Many organizations still have to grasp the importance of such areas as payment card industry and personal health information compliance and are failing to take the necessary steps because the Big Data elements are moving through the enterprise with other basic data. The trend seems to be that as businesses jump into Big Data, they forget to worry about very specific pieces of information that may be mixed into their large data stores, exposing them to compliance issues.

Health care probably provides the best example for those charged with compliance as they examine how Big Data creation, storage, and flow work in their organizations. The move to electronic health record systems, driven by the Health Insurance Portability and Accountability Act (HIPAA) and other legislation, is causing a dramatic increase in the accumulation, access, and inter-enterprise exchange of personal identifying information. That has already created a Big Data problem for the largest health care providers and payers, and it must be solved to maintain compliance.

The concepts of Big Data are as applicable to health care as they are to other businesses. The types of data are as varied and vast as the devices collecting the data, and while the concept of collecting and analyzing the unstructured data is not new, recently developed technologies make it quicker and easier than ever to store, analyze, and manipulate these massive data sets.

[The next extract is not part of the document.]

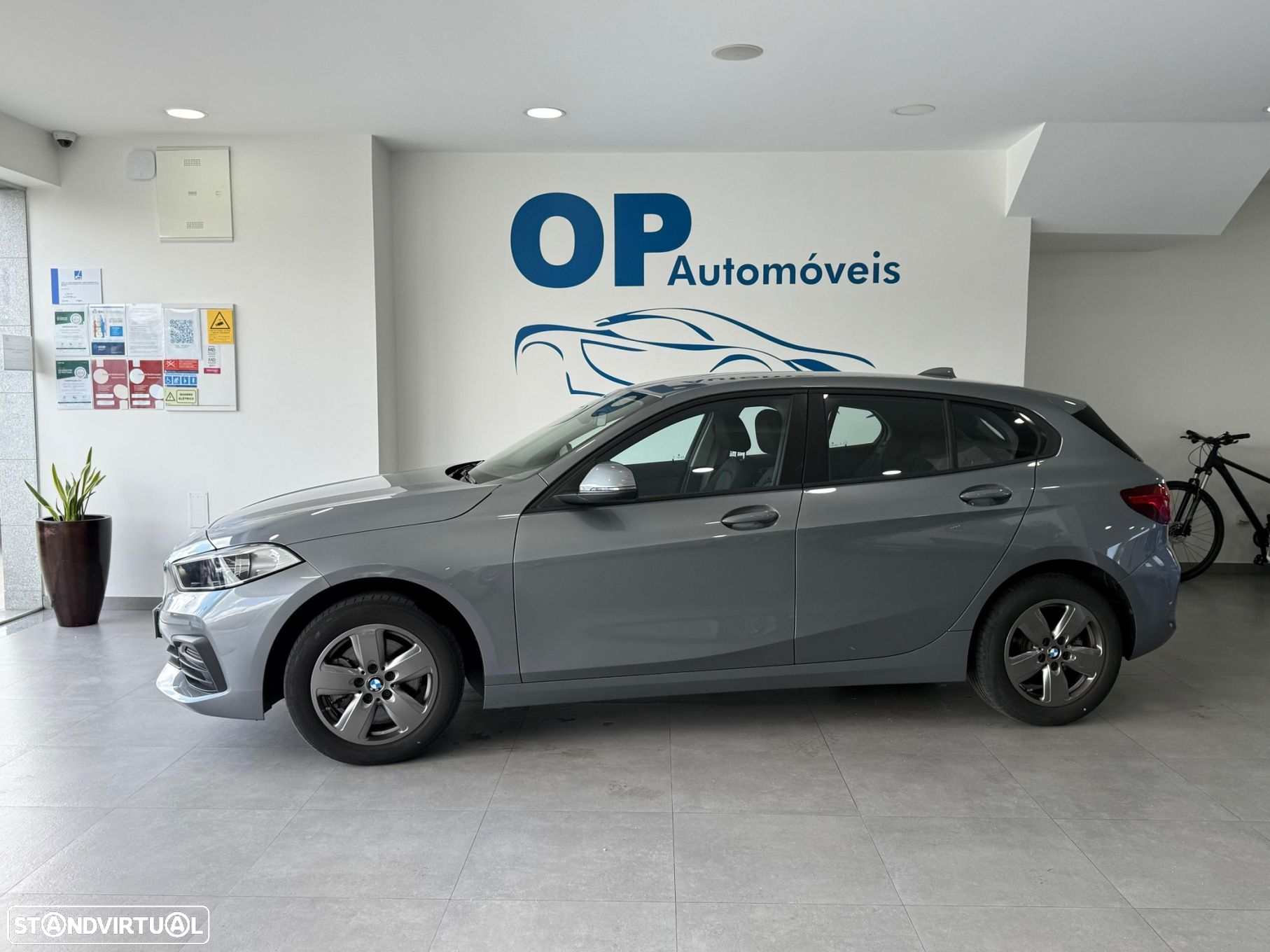 BMW 116 d Advantage - 2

Health care deals with these massive data sets using Big Data stores, which can span tens of thousands of computers to enable enterprises, researchers, and governments to develop innovative products, make important discoveries, and generate new revenue streams. The rapid evolution of Big Data has forced vendors and architects to focus primarily on the storage, performance, and availability elements, while security—which is often thought to diminish performance—has largely been an afterthought.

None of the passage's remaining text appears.